15. Capacity of femes covert to convey.

At common law, the conveyance of a feme covert, except by some matter of record, was absolutely void, and in England the wife used to pass her freehold estate by a fine, and this, and a common recovery, were the only ways in which she could convey her real estate. Now the English law is changed, as to the mode of conveyance of the wife, by the abolition of fines and recoveries, and the wife conveys by deed with her husband's concurrence. By stat. 3 and 4 Will. 4, c. 74, for abolishing fines and recoveries and substituting more simple modes of assurance, provision is made for the alienation by married women by deed. It is enacted that after the 31st of December 1833, it shall be lawful for every married woman, in every case, except that of being tenant in tail, by deed, to dispose of lands of any tenure, and money subject to be invested in the purchase of lands, and also to dispose of, release, surrender, or extinguish any power which may be vested in, or limited, or reserved to her in regard to any lands of any tenure, or any such money as aforesaid, or in regard to any estate in any lands of any tenure, or in any such money as aforesaid, as fully and effectually as she could do, if she were a feme sole; save and except that no such disposition, release, surrender, or extinguishment shall be valid and effectual unless the husband concur in the deed, by which the same shall be effected, nor unless the deed be acknowledged by her, as thereinafter directed and it is provided that the powers of disposition given to a married woman by the act, shall not interfere with other powers. In case the husband is a lunatic, or otherwise incapacitated the Court of Common Pleas, is empowered to dispense with the husband's concurrence, except where the Lord Chancellor, or other persons entrusted with lunatics, or the Court of Chancery, shall be the protector of a settlement, in lieu of the husband. (2 Kent, 150; 2 Greenl. Cruise, 23,

"The conveyance of land, by femes covert under the govern

ment of the colony of New York, was in point of fact, by deed, and not by fine, and upon the simple acknowledgment of the wife, before a competent officer without private examination.
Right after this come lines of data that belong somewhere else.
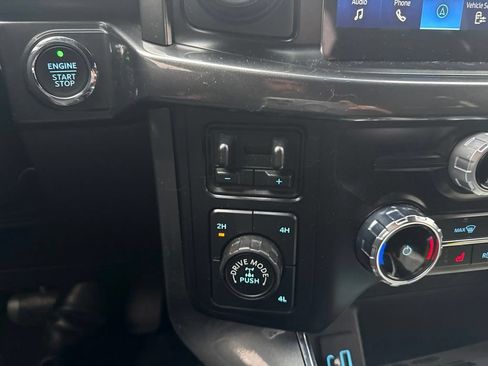 Used 2023 Ford F150 XLT w/ Equipment Group 302A High AWD/4WD image 16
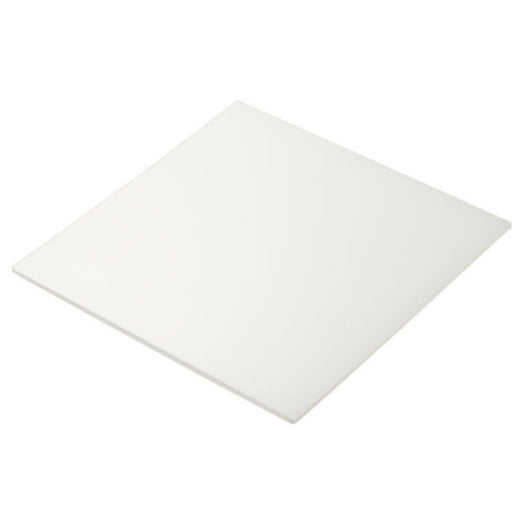 White Work Surface, Plastic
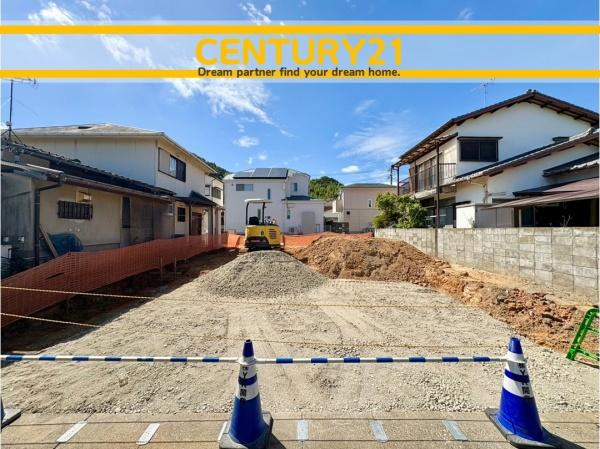 東区香椎5丁目8期　全1棟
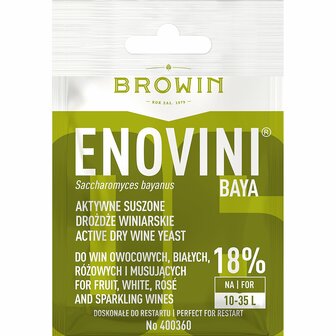 Wijngist Enovini&reg; BAYA, 7 g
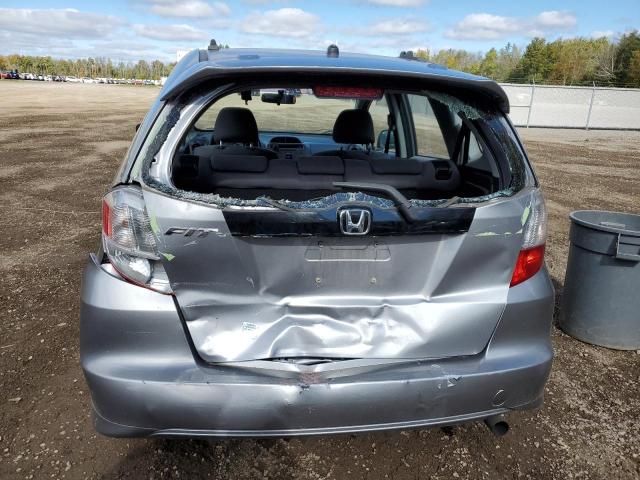 2010 Honda FIT LX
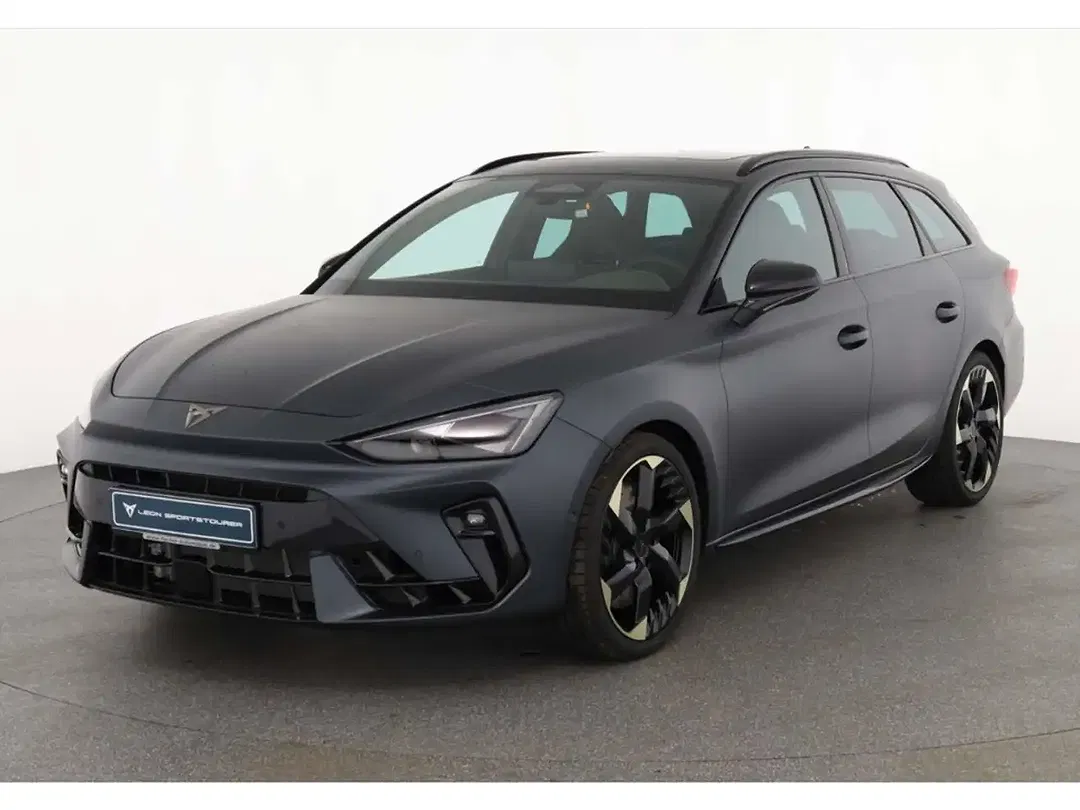 CUPRA Leon - Thumbnail 1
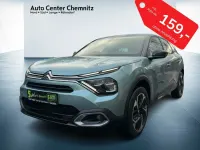 Gebraucht Citroën C4 PureTech 131 PS (96 kW) 2023 Olbia blau Limousine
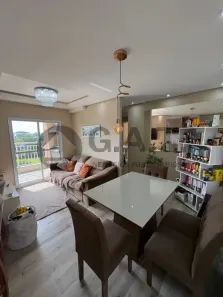 Apartamento com 2 Quartos à venda, 63m² no Aparecidinha, Sorocaba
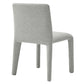 Rhodes Fabric Upholstered Dining Chair by Modway EEI-7222 FredCo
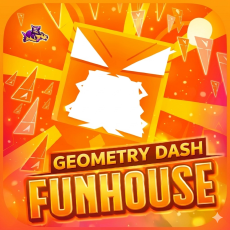 Play Geometry Dash Funhouse now!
Such loose modes of conveyance, were mentioned in the act of the 16th of February, 1771, and were confirmed; but it was declared that in future, no estate of a feme covert should pass by deed, without her previous private acknowledgment before the officer apart from her husband that she executed the deed freely, without any fear or compulsion of her husband. The deeds of femes covert, in the form used in other cases, accompanied by such an examination, and which is still required by statute, have ever since been held sufficient to convey their estates, or any future contingent interest in real property, and fines and recoveries are now abolished by statute in New York. If the wife resides out of the state, she may unite with her husband, and convey all her right and interest, present and contingent, equally as if she were a feme sole, and without any such special acknowledgment. Nor does a deed by the wife in execution of a power or trust, require a private examination. The substitute in favor of a conveyance by the wife, of a deed for a fine or common recovery, was made in Maryland by the colony statutes of 1715, 1752 and 1766; and the statute law of that state is explicit that the husband and wife must join in the conveyance. So in Massachusetts, from the earliest periods of the colony, the wife with the concurrence of her husband, could convey her estate in fee, by deed duly acknowledged and recorded. In New Jersey, by their early colony laws, the wife might convey her estate by deed, provided she was previously and privately examined by a magistrate. In South Carolina, Georgia, and Kentucky, the wife conveys in the same way, and in Rhode Island, Connecticut, Ohio, Indiana, Missouri and North Carolina, (and this is, no doubt the general rule,) the husband must join in the conveyance by the wife and she must be separately examined before an officer." (2 Kent, 151, 152, 153.)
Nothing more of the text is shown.